- [Listed entries]
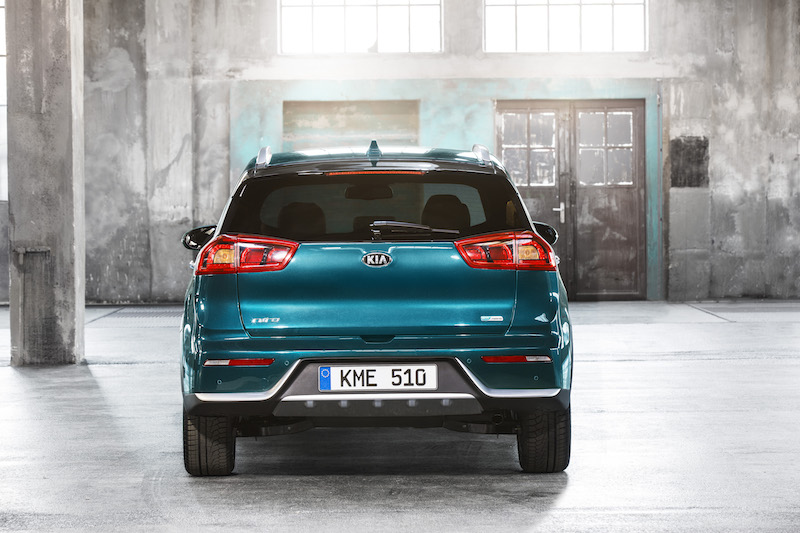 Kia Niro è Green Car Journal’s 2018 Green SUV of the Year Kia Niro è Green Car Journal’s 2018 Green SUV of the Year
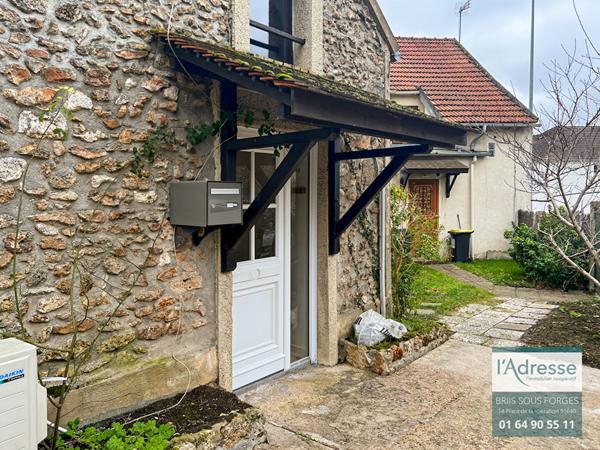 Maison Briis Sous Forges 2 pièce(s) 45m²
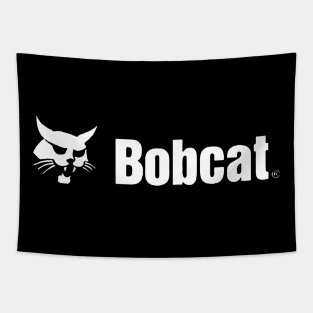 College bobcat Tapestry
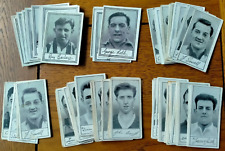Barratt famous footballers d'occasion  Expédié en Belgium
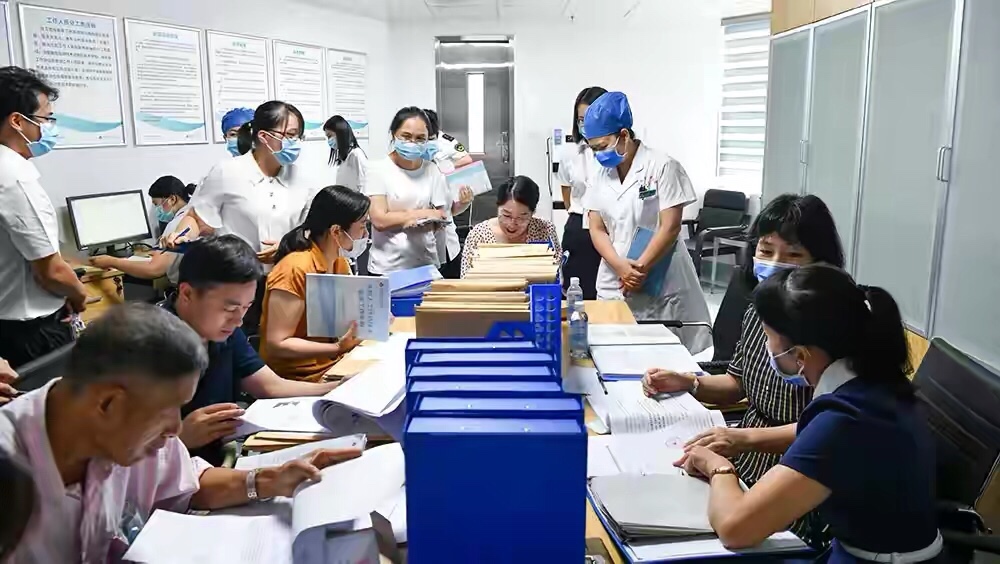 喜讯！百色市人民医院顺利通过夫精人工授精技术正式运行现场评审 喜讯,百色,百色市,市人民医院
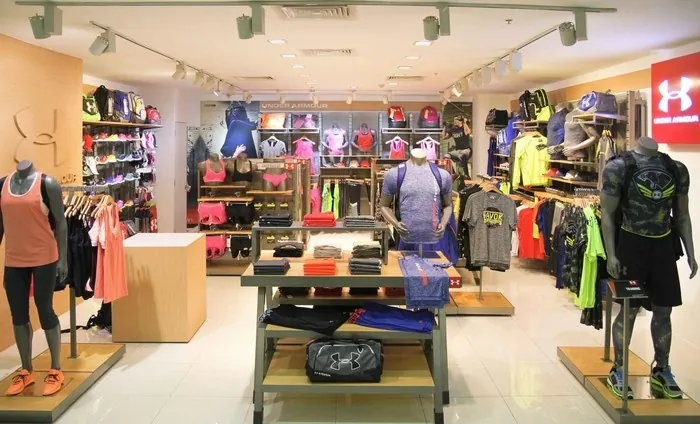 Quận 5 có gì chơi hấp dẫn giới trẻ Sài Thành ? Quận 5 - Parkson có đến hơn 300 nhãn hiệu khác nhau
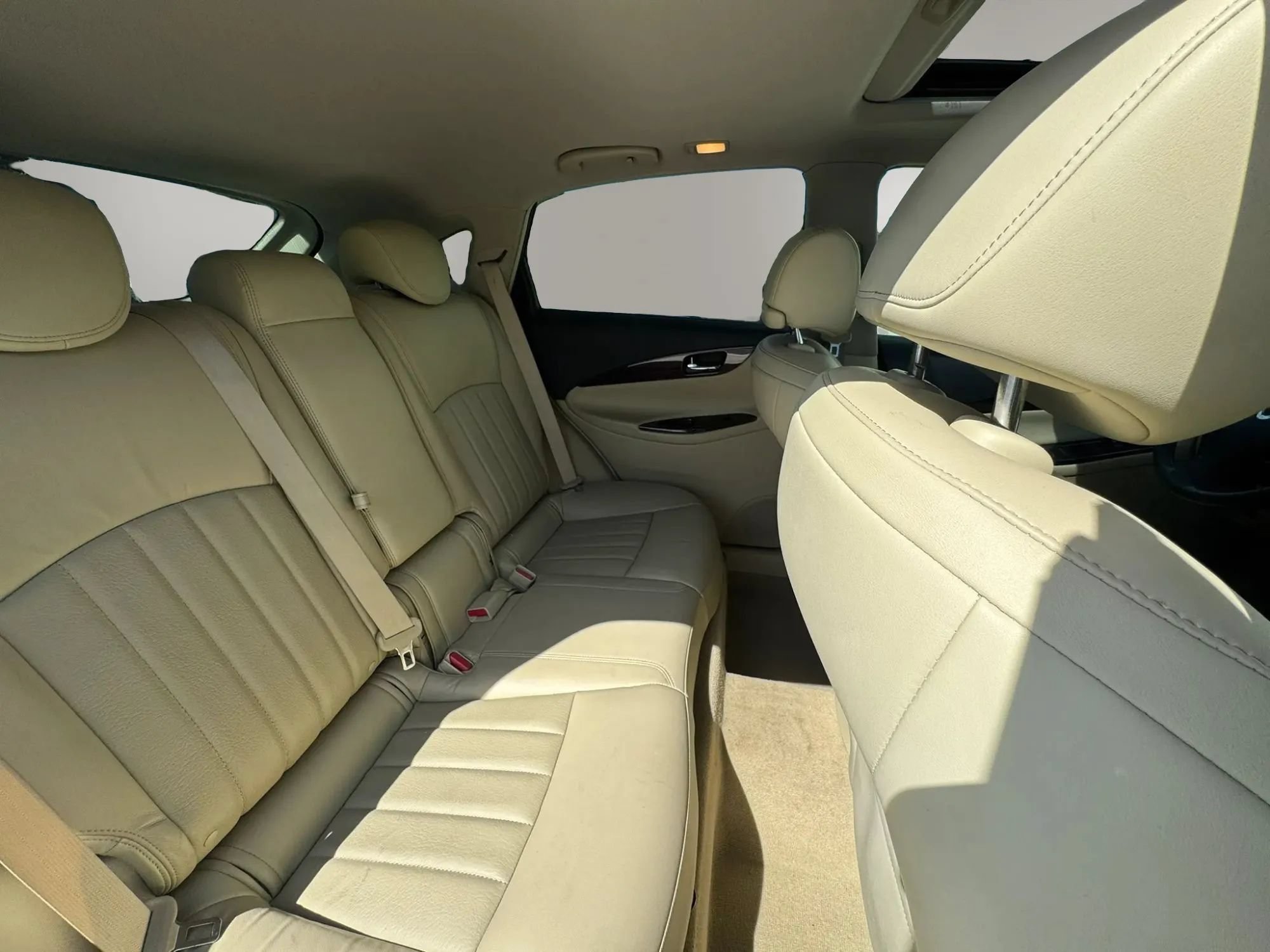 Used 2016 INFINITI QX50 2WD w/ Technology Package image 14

- [Action item]
The line that contains "Barratt famous footballers" begins the part to retype, and the last line of the records above ends it. Retype both and everything between, exactly, without the pictures.

- [Response to this exercise]
Barratt famous footballers d'occasion  Expédié en Belgium
 喜讯！百色市人民医院顺利通过夫精人工授精技术正式运行现场评审 喜讯,百色,百色市,市人民医院
 Quận 5 có gì chơi hấp dẫn giới trẻ Sài Thành ? Quận 5 - Parkson có đến hơn 300 nhãn hiệu khác nhau
 Used 2016 INFINITI QX50 2WD w/ Technology Package image 14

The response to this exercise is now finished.